While the COVID-19 vaccine from Pfizer has been cleared, officials warn of scams on treatments, PPE, and testing.
ABC News 7 reports that Coronarivus vaccine scams are already underway on the East Coast. Some are using a sense of urgency and saying that they can help people get the vaccine sooner. Urgency is a popular tactic used by scammers to get you to act fast. Steve Bernas, president and CEO with the BBB of Chicago and Northern Illinois, told ABC News 7, “If they want you to do something quick — in 30 minutes, that’s usually the tip-off to the rip-off.”
The Associated Press News reports that the FDA is concerned about consumers being misled about treatment; but, the organization is actively monitoring for fraudulent COVID-related claims, urging consumers to beware of “miracle cures” and “quick fixes.”
Similarly, the Federal Trade Commission (FTC) is warning consumers about scammers offering COVID vaccinations, treatments, or cures. Colleen Tressler with the FTC says the organization has seen many “COVID treatments,” including “gemstone bead bracelets, water filtration systems, indoor tanning,” and others.
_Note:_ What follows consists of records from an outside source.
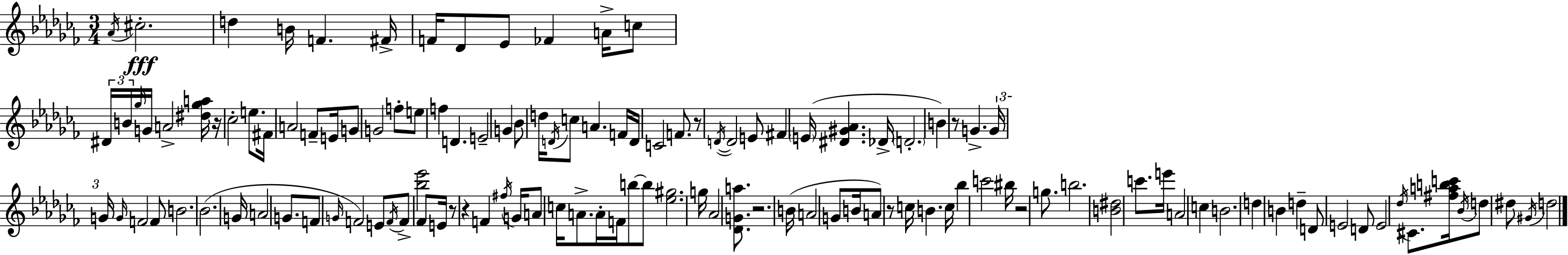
{
  \clef treble
  \numericTimeSignature
  \time 3/4
  \key aes \minor
  \repeat volta 2 { \acciaccatura { aes'16 }\fff cis''2.-. | d''4 b'16 f'4. | fis'16-> f'16 des'8 ees'8 fes'4 a'16-> c''8 | \tuplet 3/2 { dis'16 b'16 \grace { ges''16 } } g'16 a'2-> | \break <dis'' ges'' a''>16 r16 ces''2-. e''8. | fis'16 a'2 f'8-- | e'16 g'8 g'2 | f''8-. e''8 f''4 d'4. | \break e'2-- g'4 | bes'8 d''16 \acciaccatura { d'16 } c''8 a'4. | f'16 d'16 c'2 | f'8. r8 \acciaccatura { d'16~ }~ d'2 | \break e'8 fis'4 \parenthesize e'16( <dis' gis' aes'>4. | des'16-> \parenthesize d'2.-. | b'4) r8 g'4.-> | \tuplet 3/2 { g'16 g'16 \grace { g'16 } } f'2 | \break f'8 b'2. | bes'2.( | g'16 a'2 | g'8. f'8 \grace { g'16 }) f'2 | \break e'8 \acciaccatura { f'16 } f'8-> <bes'' ees'''>2 | fes'8 e'16 r8 r4 | f'4 \acciaccatura { fis''16 } g'16 a'8 c''16 a'8.-> | a'16-. f'16 b''8~~ b''8 <ees'' gis''>2. | \break g''16 aes'2 | <des' g' a''>8. r2. | b'16( a'2 | g'8 b'16 a'8) r8 | \break c''16 b'4. c''16 bes''4 | c'''2 bis''16 r2 | g''8. b''2. | <b' dis''>2 | \break c'''8. e'''16 a'2 | c''4 b'2. | d''4 | b'4 d''4-- d'8 e'2 | \break d'8 e'2 | \acciaccatura { des''16 } cis'8. <fis'' a'' b'' c'''>16 \acciaccatura { bes'16 } d''8 | dis''8 \acciaccatura { gis'16 } d''2 } \bar "|."
}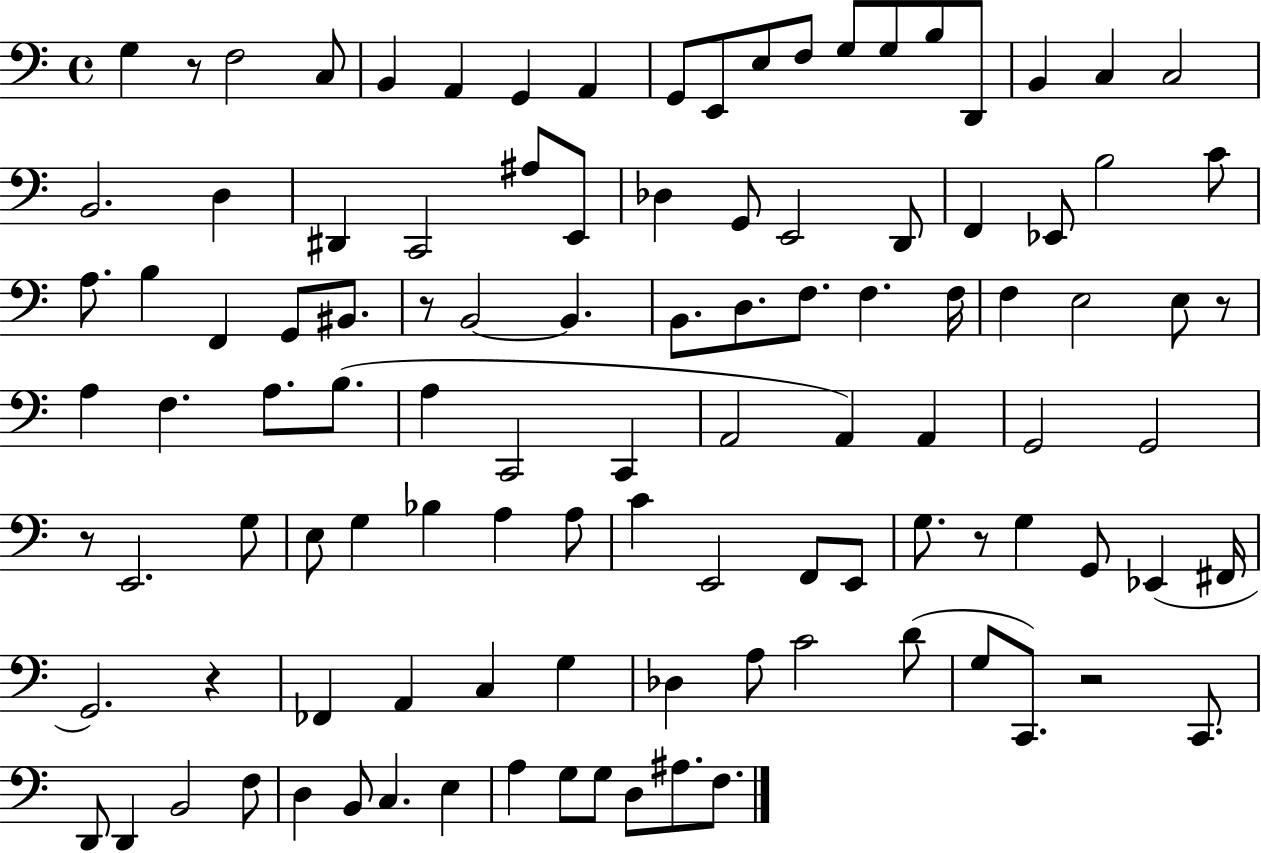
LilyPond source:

{
  \clef bass
  \time 4/4
  \defaultTimeSignature
  \key c \major
  g4 r8 f2 c8 | b,4 a,4 g,4 a,4 | g,8 e,8 e8 f8 g8 g8 b8 d,8 | b,4 c4 c2 | \break b,2. d4 | dis,4 c,2 ais8 e,8 | des4 g,8 e,2 d,8 | f,4 ees,8 b2 c'8 | \break a8. b4 f,4 g,8 bis,8. | r8 b,2~~ b,4. | b,8. d8. f8. f4. f16 | f4 e2 e8 r8 | \break a4 f4. a8. b8.( | a4 c,2 c,4 | a,2 a,4) a,4 | g,2 g,2 | \break r8 e,2. g8 | e8 g4 bes4 a4 a8 | c'4 e,2 f,8 e,8 | g8. r8 g4 g,8 ees,4( fis,16 | \break g,2.) r4 | fes,4 a,4 c4 g4 | des4 a8 c'2 d'8( | g8 c,8.) r2 c,8. | \break d,8 d,4 b,2 f8 | d4 b,8 c4. e4 | a4 g8 g8 d8 ais8. f8. | \bar "|."
}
In summation of these claims, Tressler writes, “If there’s a medical breakthrough, you’re not going to hear about it for the first through an ad or sales pitch.”
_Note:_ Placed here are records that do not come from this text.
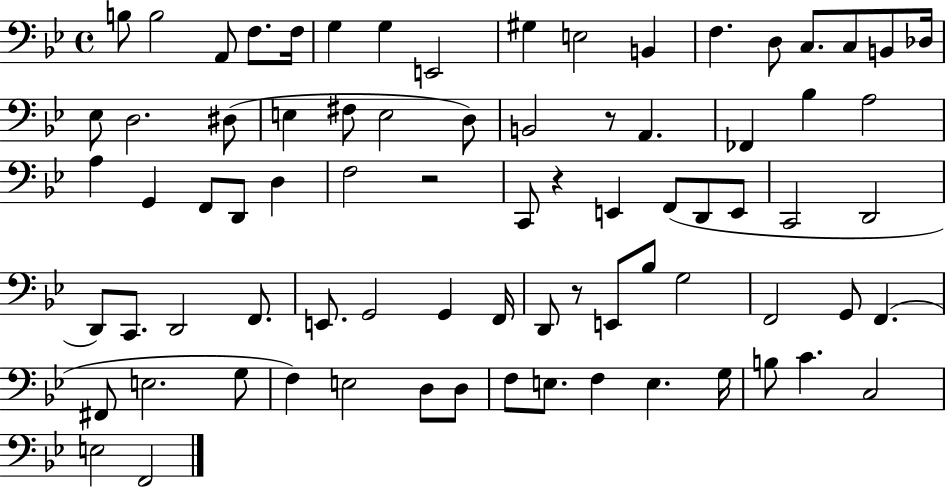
{
  \clef bass
  \time 4/4
  \defaultTimeSignature
  \key bes \major
  b8 b2 a,8 f8. f16 | g4 g4 e,2 | gis4 e2 b,4 | f4. d8 c8. c8 b,8 des16 | \break ees8 d2. dis8( | e4 fis8 e2 d8) | b,2 r8 a,4. | fes,4 bes4 a2 | \break a4 g,4 f,8 d,8 d4 | f2 r2 | c,8 r4 e,4 f,8( d,8 e,8 | c,2 d,2 | \break d,8) c,8. d,2 f,8. | e,8. g,2 g,4 f,16 | d,8 r8 e,8 bes8 g2 | f,2 g,8 f,4.( | \break fis,8 e2. g8 | f4) e2 d8 d8 | f8 e8. f4 e4. g16 | b8 c'4. c2 | \break e2 f,2 | \bar "|."
}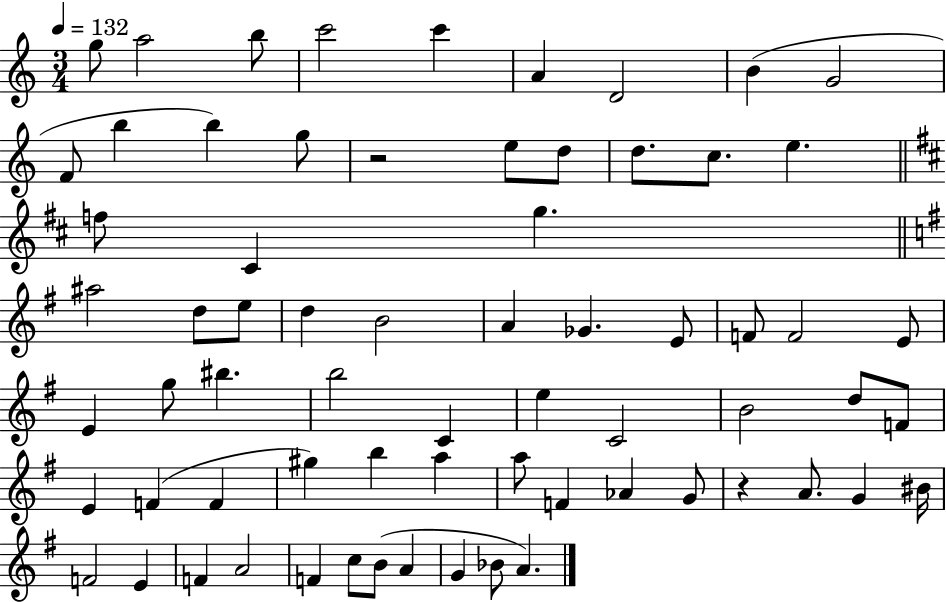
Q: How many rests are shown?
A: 2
The Better Business Bureau (BBB) is also speaking out about COVID-19 vaccine trial scams that come through a text or a message on social media, promising payment, according to CBS Boston. In a statement, the organization said, “Don’t be tempted by the opportunity to help scientists while making extra cash” (CBS Boston). Ultimately, make sure you do your homework before volunteering to help out.
Dr. Fauci still encourages taking precautions for your safety despite the delivery of a vaccine. It may be the spring or summer of next year before those who are not at high-risk can receive a vaccination.
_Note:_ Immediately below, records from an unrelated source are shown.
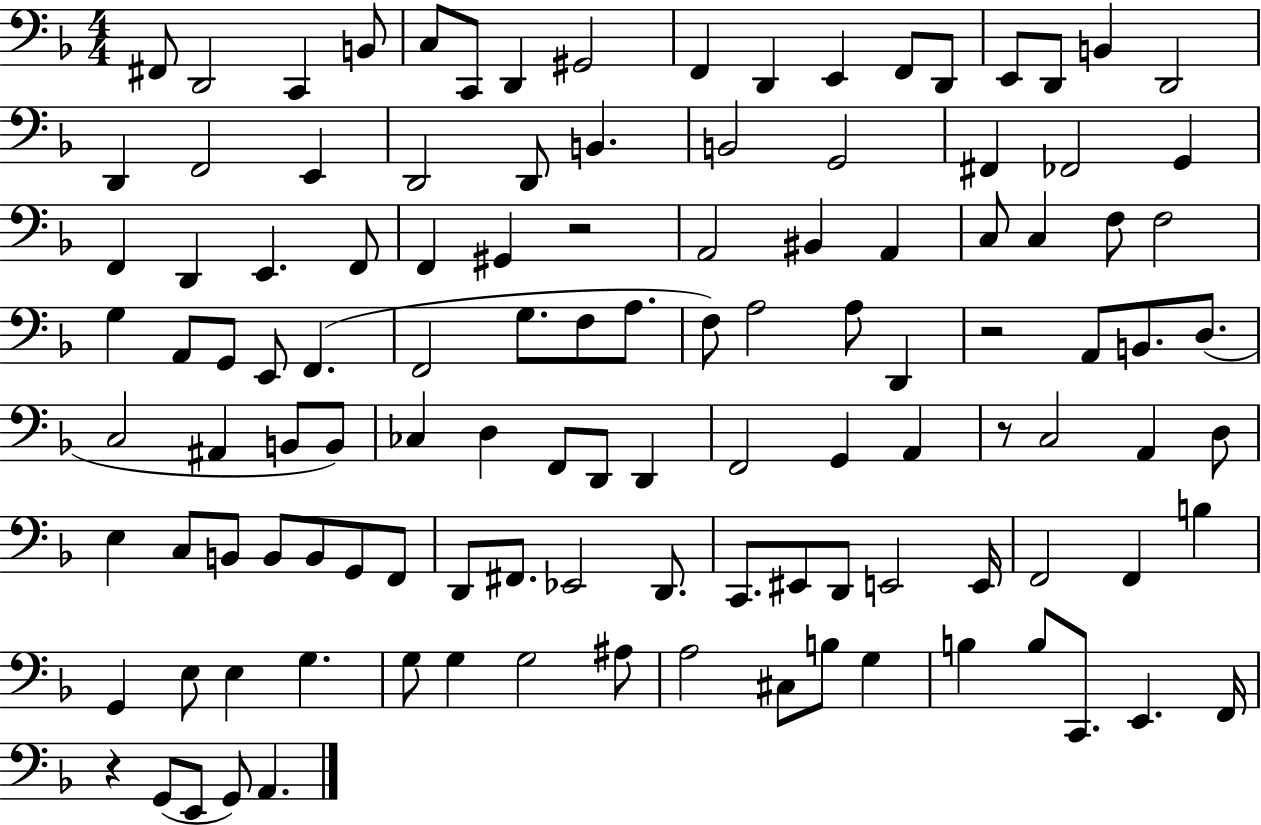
X:1
T:Untitled
M:4/4
L:1/4
K:F
^F,,/2 D,,2 C,, B,,/2 C,/2 C,,/2 D,, ^G,,2 F,, D,, E,, F,,/2 D,,/2 E,,/2 D,,/2 B,, D,,2 D,, F,,2 E,, D,,2 D,,/2 B,, B,,2 G,,2 ^F,, _F,,2 G,, F,, D,, E,, F,,/2 F,, ^G,, z2 A,,2 ^B,, A,, C,/2 C, F,/2 F,2 G, A,,/2 G,,/2 E,,/2 F,, F,,2 G,/2 F,/2 A,/2 F,/2 A,2 A,/2 D,, z2 A,,/2 B,,/2 D,/2 C,2 ^A,, B,,/2 B,,/2 _C, D, F,,/2 D,,/2 D,, F,,2 G,, A,, z/2 C,2 A,, D,/2 E, C,/2 B,,/2 B,,/2 B,,/2 G,,/2 F,,/2 D,,/2 ^F,,/2 _E,,2 D,,/2 C,,/2 ^E,,/2 D,,/2 E,,2 E,,/4 F,,2 F,, B, G,, E,/2 E, G, G,/2 G, G,2 ^A,/2 A,2 ^C,/2 B,/2 G, B, B,/2 C,,/2 E,, F,,/4 z G,,/2 E,,/2 G,,/2 A,,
There are some simple ways you can protect yourself from falling victim to a Coronavirus scam, whether it be about a vaccine, treatment, personal protective equipment, or something else.
Use government sources like the CDC.gov for information about COVID-19. Don’t be so fast to believe what you see or hear on social media, and always be wary of emails claiming to be from a governmental source.
Talk with your health care provider before trying any product that claims to work as a treatment or cure for COVID-19. Remember that any information about treatment is likely to be publicly broadcast and not shared solely by text, email, or in an advertisement. Always do your research.
Use trusted retailers if you’re looking for protective wear, like masks and gloves. Several major retailers offer these protective products, and never share more personal information than you need to when making a purchase.